Releo,
treinta años después de mi anterior visita, la deliciosa obra Un viejo que
leía novelas de amor, del chileno Luis Sepúlveda. Y encuentro en sus
páginas el mismo exotismo seductor, la misma magia literaria, el mismo
deslumbramiento que descubrí en aquella primera lectura, cuando la visita
semestral del dentista Rubicundo Loachamín a El Idilio me permitió conocer a
Antonio José Bolívar, que recibía siempre las novelas que el galeno le
facilitaba para entretener sus horas de viudo (su pobre esposa Dolores
Encarnación del Santísimo Sacramento Estupiñán Otavalo sucumbió años atrás a la
malaria). Y han vuelto también a maravillarme las enseñanzas que extrajo de su
estancia con los shuar (a quienes conocemos más comúnmente como “jíbaros”).
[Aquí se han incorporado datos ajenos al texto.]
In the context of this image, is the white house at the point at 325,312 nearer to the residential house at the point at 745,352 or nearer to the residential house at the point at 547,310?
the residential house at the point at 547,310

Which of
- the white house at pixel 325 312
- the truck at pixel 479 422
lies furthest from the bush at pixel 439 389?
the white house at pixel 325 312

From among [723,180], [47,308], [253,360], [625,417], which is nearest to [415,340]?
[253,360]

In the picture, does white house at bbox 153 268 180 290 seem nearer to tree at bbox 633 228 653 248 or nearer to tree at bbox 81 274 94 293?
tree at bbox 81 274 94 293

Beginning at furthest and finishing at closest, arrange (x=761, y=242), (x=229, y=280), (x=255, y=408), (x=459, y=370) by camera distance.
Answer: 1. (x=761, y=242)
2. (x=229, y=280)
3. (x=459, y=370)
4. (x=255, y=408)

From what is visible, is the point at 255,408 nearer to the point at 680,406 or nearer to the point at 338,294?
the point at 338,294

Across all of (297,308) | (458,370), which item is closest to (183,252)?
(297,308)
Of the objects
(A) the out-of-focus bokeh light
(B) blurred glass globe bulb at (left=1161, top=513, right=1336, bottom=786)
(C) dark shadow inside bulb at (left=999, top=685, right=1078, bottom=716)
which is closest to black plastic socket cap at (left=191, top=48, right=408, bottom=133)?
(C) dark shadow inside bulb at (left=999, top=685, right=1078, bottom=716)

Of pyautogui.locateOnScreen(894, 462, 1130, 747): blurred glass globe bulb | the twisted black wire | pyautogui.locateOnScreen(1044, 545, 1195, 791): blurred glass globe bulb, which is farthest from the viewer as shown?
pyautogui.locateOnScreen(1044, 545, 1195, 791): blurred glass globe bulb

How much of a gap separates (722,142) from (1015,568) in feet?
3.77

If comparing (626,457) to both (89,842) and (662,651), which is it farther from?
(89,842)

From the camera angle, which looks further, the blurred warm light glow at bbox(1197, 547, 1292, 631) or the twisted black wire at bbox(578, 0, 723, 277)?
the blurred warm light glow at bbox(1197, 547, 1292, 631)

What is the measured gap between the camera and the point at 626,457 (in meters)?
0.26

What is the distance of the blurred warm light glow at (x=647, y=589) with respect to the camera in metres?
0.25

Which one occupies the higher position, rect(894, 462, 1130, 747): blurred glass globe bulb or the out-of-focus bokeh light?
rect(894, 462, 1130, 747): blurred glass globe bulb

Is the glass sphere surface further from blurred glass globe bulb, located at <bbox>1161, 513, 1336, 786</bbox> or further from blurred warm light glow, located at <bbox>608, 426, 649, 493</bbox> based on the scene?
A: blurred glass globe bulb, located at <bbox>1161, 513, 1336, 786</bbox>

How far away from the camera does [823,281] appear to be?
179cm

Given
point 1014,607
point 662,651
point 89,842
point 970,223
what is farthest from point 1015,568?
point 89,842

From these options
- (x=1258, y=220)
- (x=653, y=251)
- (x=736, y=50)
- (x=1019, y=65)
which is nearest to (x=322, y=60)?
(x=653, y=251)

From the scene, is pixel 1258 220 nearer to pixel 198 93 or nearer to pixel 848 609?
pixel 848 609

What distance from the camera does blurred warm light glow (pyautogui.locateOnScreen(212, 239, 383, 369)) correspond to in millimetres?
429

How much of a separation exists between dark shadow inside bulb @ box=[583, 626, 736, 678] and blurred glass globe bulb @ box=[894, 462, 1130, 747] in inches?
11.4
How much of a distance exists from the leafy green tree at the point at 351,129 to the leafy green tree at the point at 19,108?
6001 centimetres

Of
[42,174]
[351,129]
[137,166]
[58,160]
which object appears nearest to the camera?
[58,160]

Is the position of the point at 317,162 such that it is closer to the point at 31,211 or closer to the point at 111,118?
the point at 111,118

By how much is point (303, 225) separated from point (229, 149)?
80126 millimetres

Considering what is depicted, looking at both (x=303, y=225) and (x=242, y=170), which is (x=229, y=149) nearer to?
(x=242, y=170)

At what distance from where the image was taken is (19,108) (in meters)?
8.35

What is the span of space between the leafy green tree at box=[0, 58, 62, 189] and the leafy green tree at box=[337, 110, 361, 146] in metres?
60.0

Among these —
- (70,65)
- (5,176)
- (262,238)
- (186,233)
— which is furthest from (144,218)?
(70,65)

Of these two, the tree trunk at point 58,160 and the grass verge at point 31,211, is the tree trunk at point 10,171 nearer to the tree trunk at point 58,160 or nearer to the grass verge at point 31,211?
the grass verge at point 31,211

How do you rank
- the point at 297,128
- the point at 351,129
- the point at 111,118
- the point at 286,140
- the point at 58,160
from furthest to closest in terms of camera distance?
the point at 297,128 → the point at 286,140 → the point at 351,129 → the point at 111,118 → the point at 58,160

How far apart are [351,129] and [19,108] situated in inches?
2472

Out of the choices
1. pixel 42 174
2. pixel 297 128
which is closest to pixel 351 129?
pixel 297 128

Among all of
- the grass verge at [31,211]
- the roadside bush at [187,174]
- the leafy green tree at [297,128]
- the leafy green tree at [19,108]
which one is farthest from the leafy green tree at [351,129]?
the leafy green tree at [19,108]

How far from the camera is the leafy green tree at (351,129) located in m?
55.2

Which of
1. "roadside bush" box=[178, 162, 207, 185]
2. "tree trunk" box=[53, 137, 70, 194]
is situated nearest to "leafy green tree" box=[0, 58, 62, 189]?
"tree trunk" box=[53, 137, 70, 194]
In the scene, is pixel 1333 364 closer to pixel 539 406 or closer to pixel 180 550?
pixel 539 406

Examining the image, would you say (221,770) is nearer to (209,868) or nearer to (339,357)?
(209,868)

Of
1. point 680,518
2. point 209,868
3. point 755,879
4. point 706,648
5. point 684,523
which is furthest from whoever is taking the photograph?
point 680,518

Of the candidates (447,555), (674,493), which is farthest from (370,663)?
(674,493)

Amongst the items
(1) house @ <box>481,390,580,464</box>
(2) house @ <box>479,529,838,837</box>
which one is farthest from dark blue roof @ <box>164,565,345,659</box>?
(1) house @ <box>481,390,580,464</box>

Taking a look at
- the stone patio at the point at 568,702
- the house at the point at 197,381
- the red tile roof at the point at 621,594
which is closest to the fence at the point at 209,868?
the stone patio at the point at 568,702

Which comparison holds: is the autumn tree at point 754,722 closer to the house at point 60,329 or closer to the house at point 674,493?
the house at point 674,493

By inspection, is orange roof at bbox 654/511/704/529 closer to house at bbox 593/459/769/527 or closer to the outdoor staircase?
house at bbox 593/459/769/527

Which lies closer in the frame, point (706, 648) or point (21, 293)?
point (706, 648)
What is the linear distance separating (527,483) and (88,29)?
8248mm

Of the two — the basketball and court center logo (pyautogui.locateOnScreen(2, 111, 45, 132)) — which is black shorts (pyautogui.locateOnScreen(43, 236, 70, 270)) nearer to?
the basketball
Y
he sonreído viéndolo comer y, luego, sacándose la dentadura para que no se estropee
en la boca fuera de su tiempo de servicio. Y he notado un estremecimiento
emocional cuando he vuelto a asistir a su enfrentamiento con la hembra felina
que anda merodeando por el poblado, por culpa de un yanqui imbécil que mató a
su pareja y sus cachorros. Y, sobre todo, he sentido una profunda admiración
por el hombre viejo, sereno, sabio, que ha vivido mucho y que ha aprendido a
respetar las normas del territorio que lo rodea, acompasando su respiración a
ellas para lograr un equilibrio tan armónico como envidiable.
Subrayé en 1995 una frase de la página 60 (“Los colonos destrozaban la selva construyendo la obra maestra del hombre civilizado: el desierto”). Subrayé otra de la página 62 (“Sabía leer. Era poseedor del antídoto contra el ponzoñoso veneno de la vejez”). Subrayé otra de la página 66 (“El animal de la soledad. Bicho astuto”). Hoy, treinta años después, creo que subrayaría con rotulador rojo todo el libro. Maravilloso.